• **COLLECTED MATERIAL**:

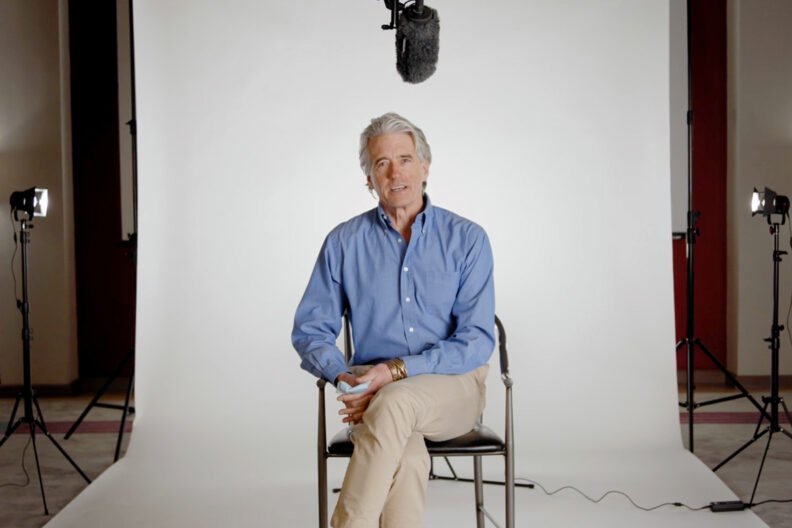 Guy Palmer sitting on set for a video FAQ session.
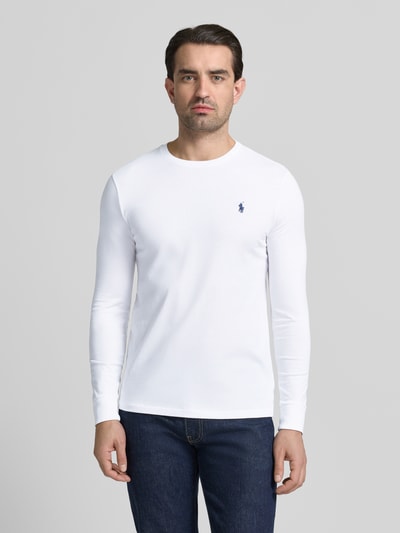 Mężczyzna nosi Custom Slim Fit Longsleeve mit Label-Stitching von Polo Ralph Lauren, biała bawełna, krój slim fit, logo na piersi, okrągły dekolt, długość tyłu 70 cm w rozmiarze M, kolor biały, gładka faktura, pełny widok z przodu
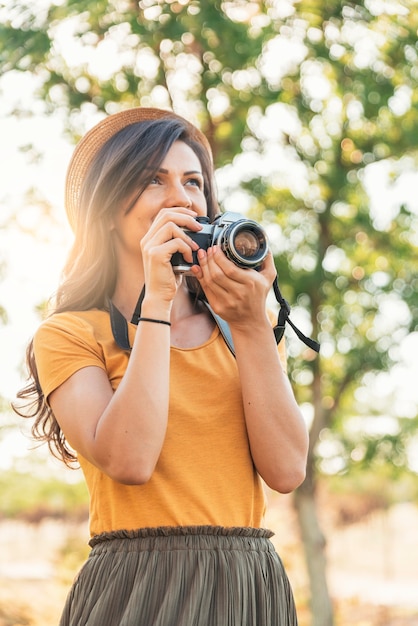 公園で写真を撮るためにカメラを使用して若い女性。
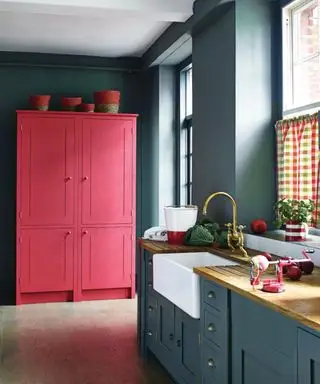 Cuisine bleue, placard rouge et rose, éléments gris, évier majordome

• **TASK DIRECTIONS**: Only what runs from the line with "Mężczyzna nosi Custom" through the last line of the listing above belongs in the answer, set down exactly and free of pictures.

• **SOLUTION FOR THIS TASK**:
 Mężczyzna nosi Custom Slim Fit Longsleeve mit Label-Stitching von Polo Ralph Lauren, biała bawełna, krój slim fit, logo na piersi, okrągły dekolt, długość tyłu 70 cm w rozmiarze M, kolor biały, gładka faktura, pełny widok z przodu
 公園で写真を撮るためにカメラを使用して若い女性。
 Cuisine bleue, placard rouge et rose, éléments gris, évier majordome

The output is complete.